Tom Wolfe exposed an extreme version of this cohort in his essay on the Black Panthers hosted by Leonard Bernstein in his elegant New York apartment. Wolfe contributed the term “radical chic” to the language to describe the Bernsteins and their wide-eyed guests. What we’re dealing with here is not quite radical (though Obama may in fact be plenty radical himself, the semi-beautiful people who support him are not), nor is it wholly chic. It is a sort of “consensus chic,” though I appreciate the aroma of contradiction the phrase communicates, since that which is genuinely chic exists self-consciously apart from the consensus of hoi polloi.
First time around, these people voted for Obama, giving themselves a little frisson of self-satisfaction when they pulled the lever and, even more, when the emitted condescension about anyone who happened to vote for John McCain — they didn’t encounter such people often, but it always gave them a little thrill of self-satisfaction when they did. It wasn’t long, however, before doubts began to accumulate. The seas didn’t subside, as promised, nor did the unemployment figures. By now, they’re thoroughly depressed. Their man has clearly let them down, and the inadvertent comedy of Joe Biden screaming that Republicans are going to “put y’all back in chains” isn’t helping. Even worse is the news that team R&R, the Romney-Ryan express, is surging among young voters.

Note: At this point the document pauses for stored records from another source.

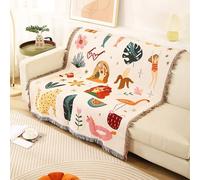 LumiSyne Coperte Double-Face Plaid In Cotone Intrecciato Con Nappina Giungla Stile Bohemien Arazzo Scialle Decorativo Coperta Da Tiro Per Letto Divano Coperta Campeggio Tovaglia Tappeto 160x130cm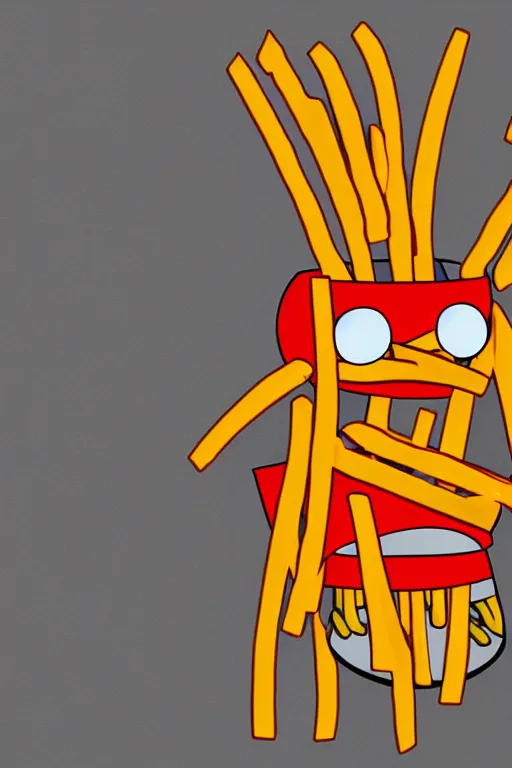 Image similar to fry from futurama made out of french fries, realistic, 4 k.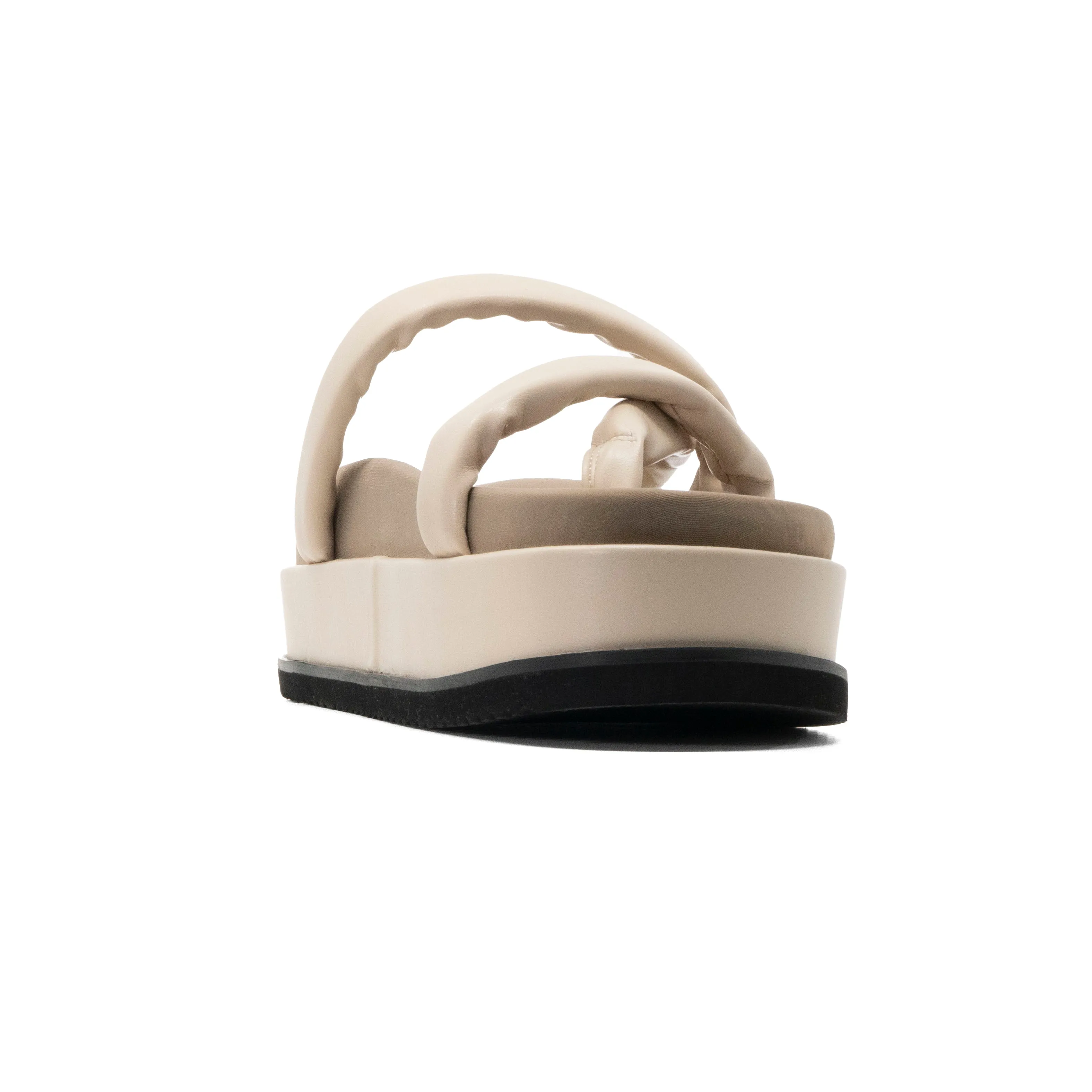 ROAM ASYMMETRICAL STACK PLATFORM CREAM VEGAN LEATHER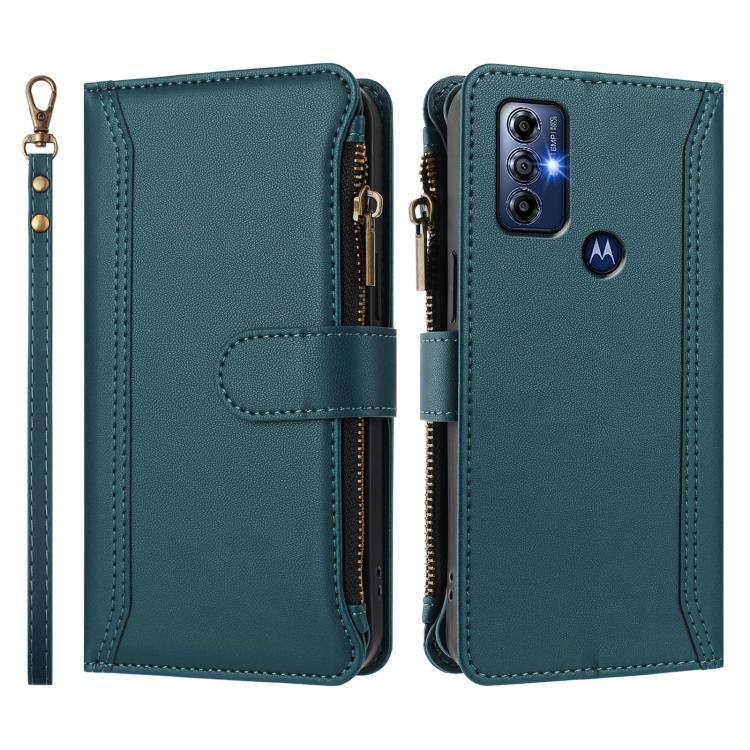 For Motorola Moto G Play 2023 Magnetic Closure 9 Card Slots Zipper Leather Case with Hand Strap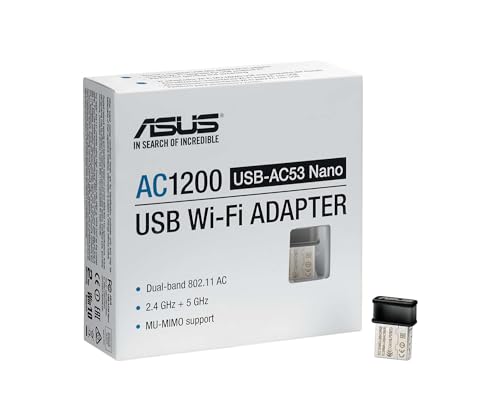 Asus USB-AC53 Nano Dongle USB AC1200 Wi-Fi Dual Band 867Mbps - Disponibile in 2-4 giorni lavorativi ASUS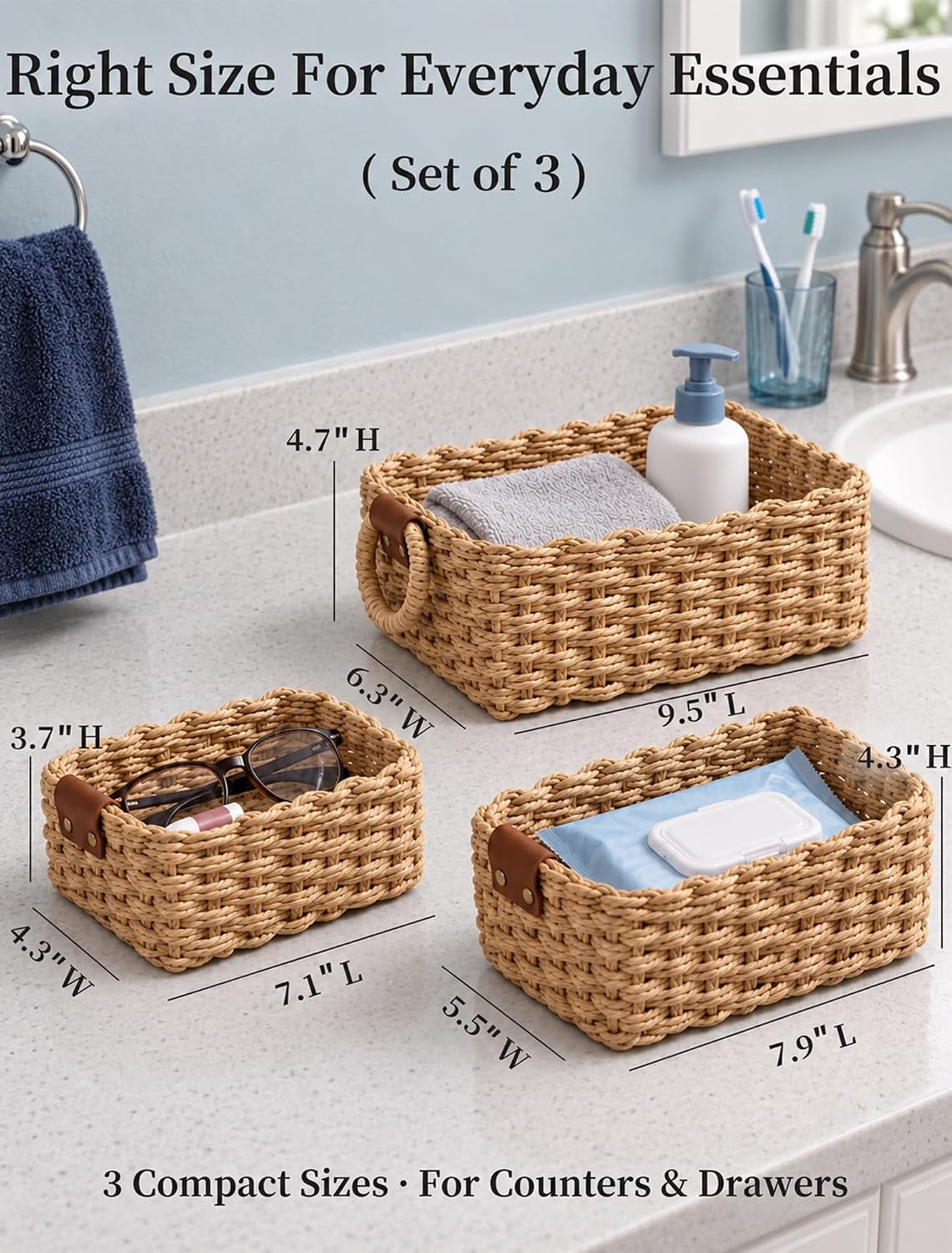 Small Wicker Baskets, 3 PCS Paper Rope Baskets for Shelves, Brown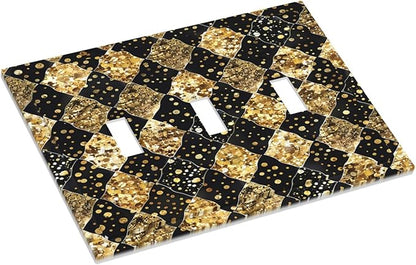 Gold Black Marble Geometric Plaid Glitter Decorative Switch Plates 3 Gang Wall Plate Triple Toggle Light Switch Cover Electrical Wall Panels Faceplate for Bedroom Bathroom Decor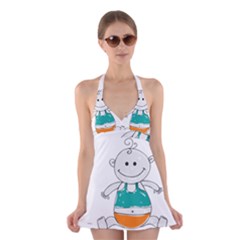 Baby-cute-child-birth-happy Halter Dress Swimsuit  by 99art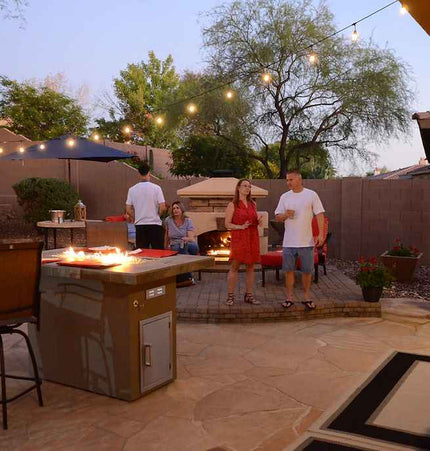 Entertainer Outdoor Fire Pit Table – 6 Ft with Fire Glass (LP/NG Compatible) - Fire Pits | Patioza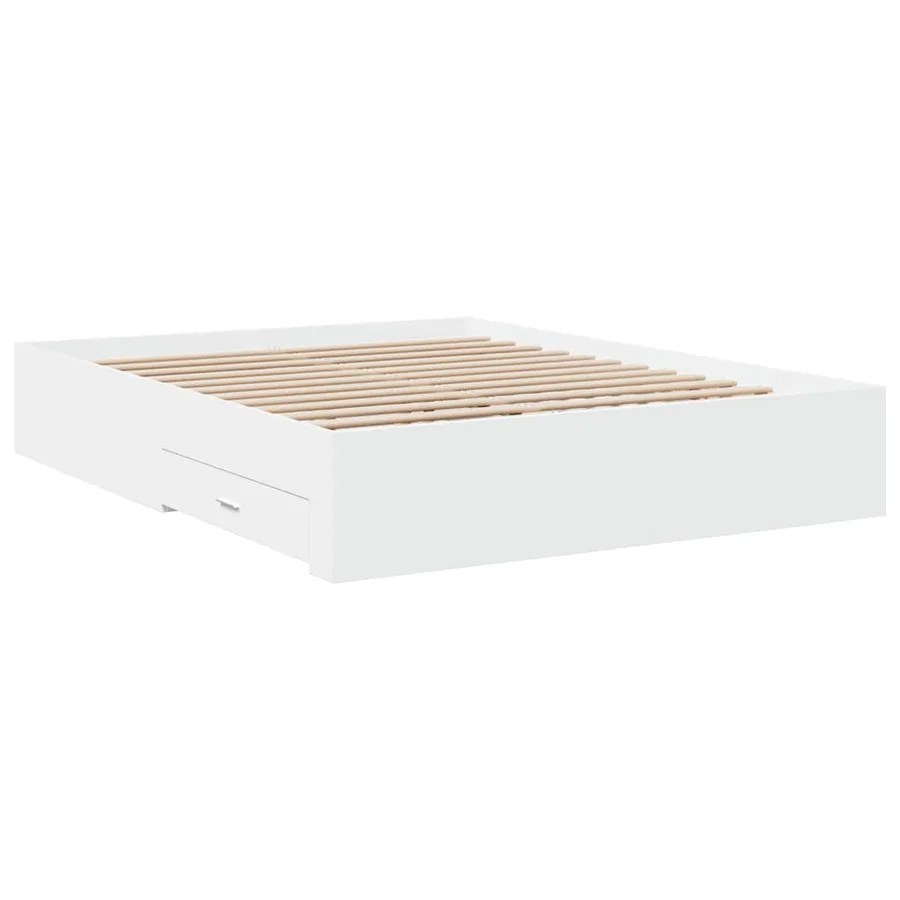 Cadre de lit avec tiroirs sans matelas blanc 160x200 cm - 3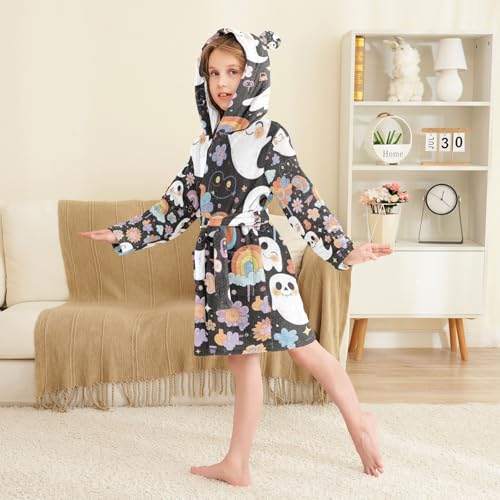 GuoChe Bathrobe For Girls Black Background Rainbow Halloween Design Girls Robe With Hood3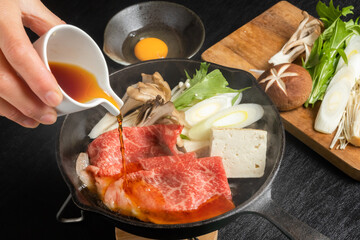 普通の和牛すきやき　Common sukiyaki Japanese foods
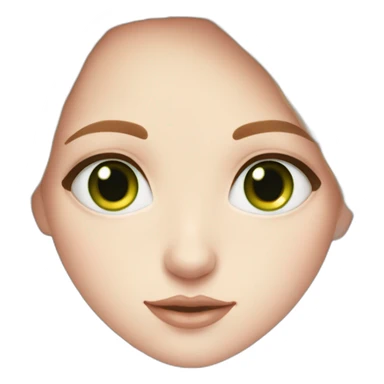 rouge hair girl pale skin circles round eyes green eye color sticker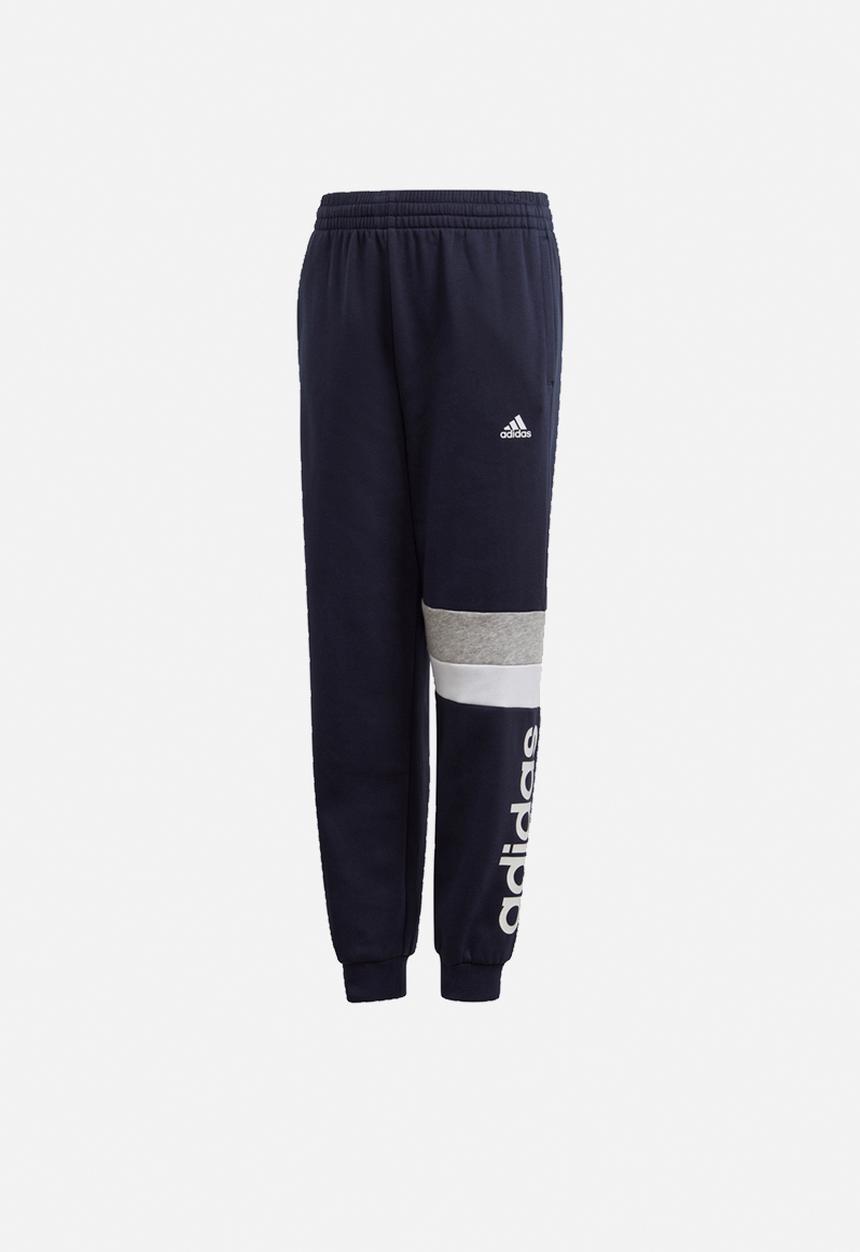 adidas Originals - Linear colourblock pants - navy & white 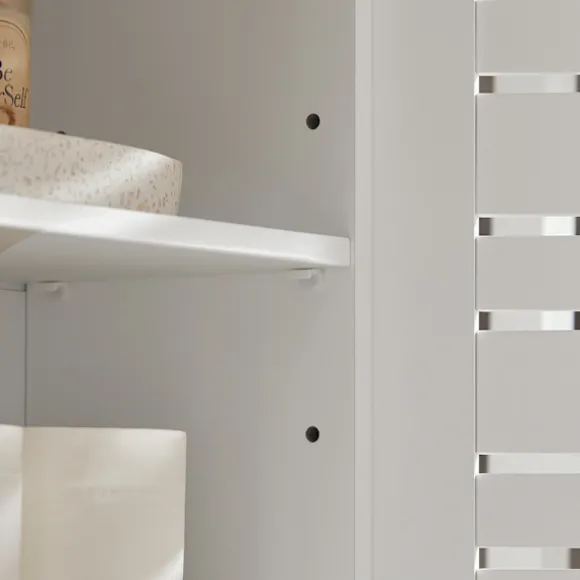SoBuy Væghængt møbel med 2 døre i hvid 60x19x56cm, rustik BZR42-W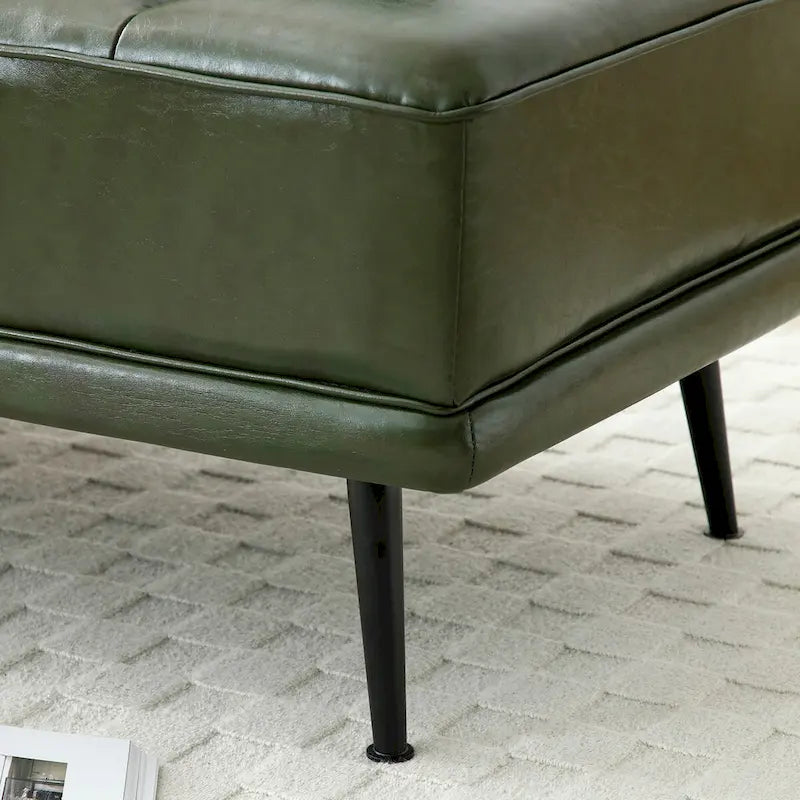 56.3Width End of Bed Bench,Faux Leather Upholstered With side table,360-degree Swivel tray couch,Entryway Ottoman,Metal Legs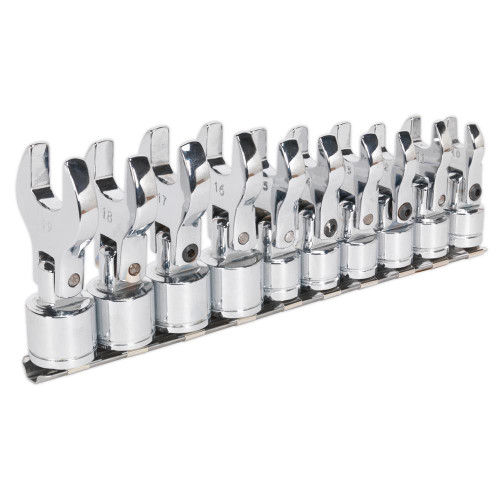 Sealey 3/8'' Square Drive Metric Flexible Crow's Foot Open End Spanner Set 10 Piece image
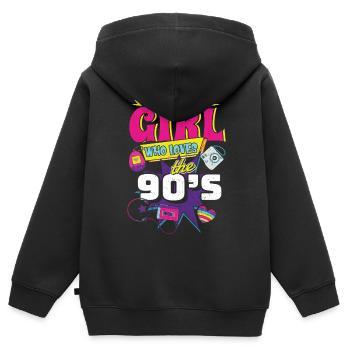 années quatre-vingt-dix - Sweat Premium à capuche zippé enfant bio - noir - Dos - AI Model Kid Male (0cm)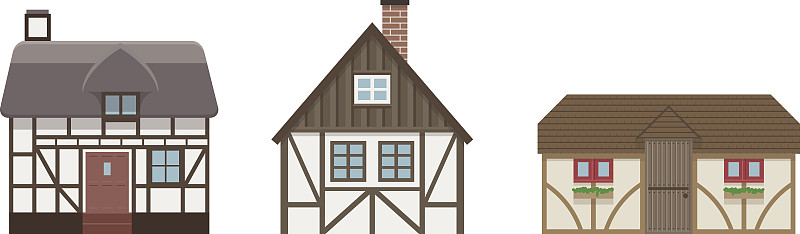 房屋,小别墅,外立面,墙,茅屋屋顶,无人,绘画插图,家庭生活,纯净,石材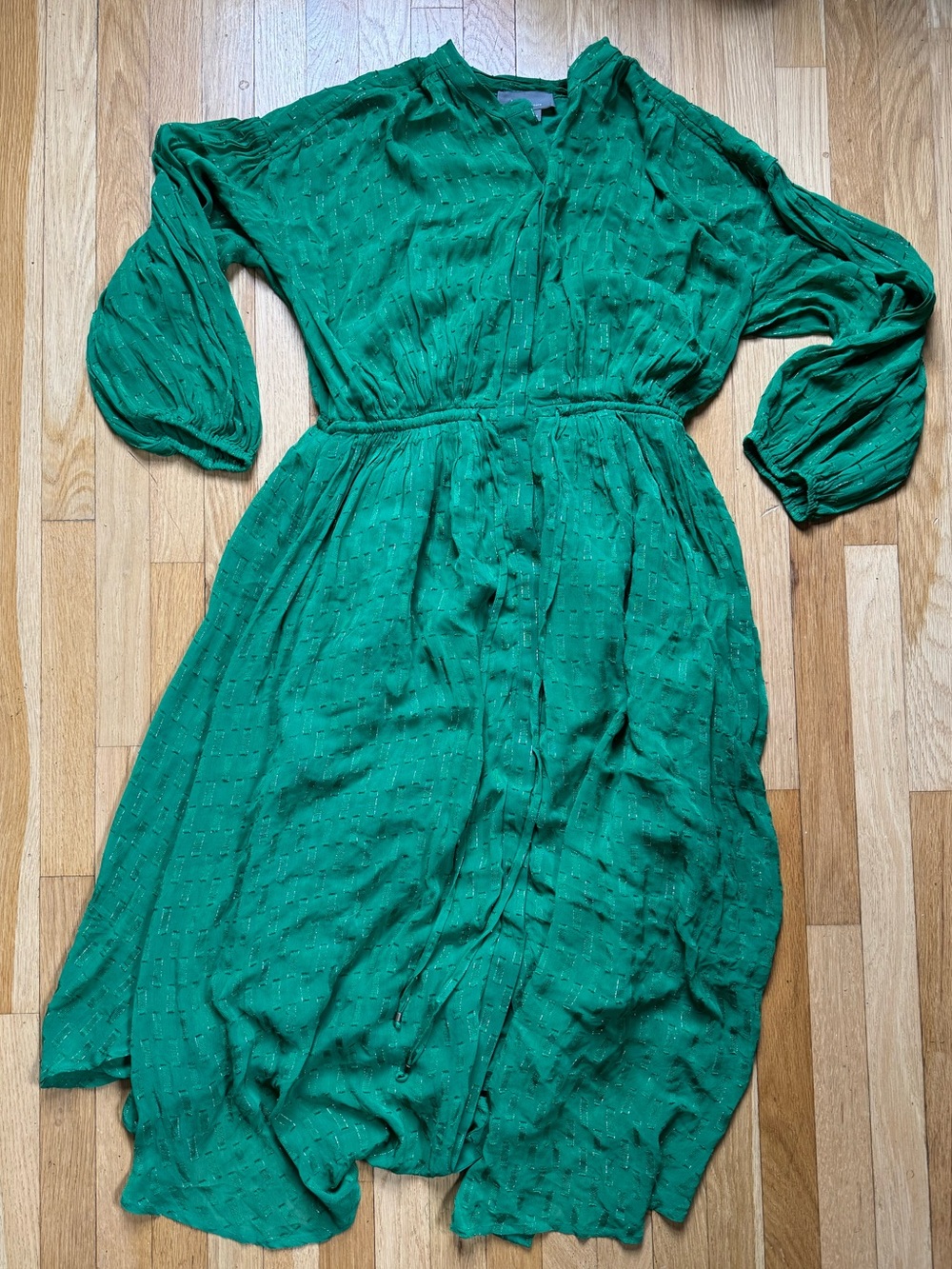Anthropologie Emerald Green Textured Long Sleeve Midi Dress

It wasn’t supposed to turn out this way. The good “Liberals” (i.e., the illiberal liberals) who voted for Obama the first time around, the mostly white, privileged products of elite schools and progressive attitudes, were supposed to be on the winning side of all such controversies. They were the enlightened ones. Republicans, the people who voted for John McCain and — Ohmygod! — Sarah Palin, didn’t go to the right schools; didn’t ingest the proper balance of gluten free, free-range, macrobiotic, whatever; wore the wrong sorts of clothes; had funny hairdos; owned guns; and (often) were God-fearing people who took religion seriously. Such people were less objects of pity than of contempt, though when their politics were not on view they provided vast fodder for interventionist government programs aimed at transforming these unfortunates into consensus-chic, testosterone-free liberals.
The deep problem now is how to help the vast regiments of disillusioned liberals. As I’ve noted in this space before, momentum towards Romney is mounting. Soon, I predict, it will be all but irresistible. And then the consensus-chic liberals who had supported Obama in 2008 will be ideologically homeless. It is up to us to offer them a helping hand: a two-step program of recovery. Self-knowledge is the first step. They must have the courage to stand up before their friends and say, “I’m John Doe, and I supported Barack Obama.” Their friends, most of whom are likely to be in the same position, will applaud and tell their own war stories. About the time they blacked out at an Obama fundraiser, or the time they couldn’t remember who James Madison was. There will be solidarity in numbers.
Once that critical first step is taken, the rest will be easy. Sure, there will be bad days, days when a copy of the New York Times will be open beside them in a taxi, with an article by Paul Krugman staring them in the face, or nights when they find themselves at a party in which some acquaintances have yet to confront their addiction. It will be hard not to join in, to have just one sip of the old intoxicant. But with every day that passes, members of this new support group will gain in confidence. Soon they will be ready to take the important public step of declaring their support for the candidates who want to help America prosper and help Americans help themselves, who are not ashamed to criticize Obama’s dependency agenda as a prescription for national servitude. I’m not saying the process is painless. But the satisfactions of having stood up for oneself are great. More and more people are doing it today. Which means that even more will be doing it tomorrow.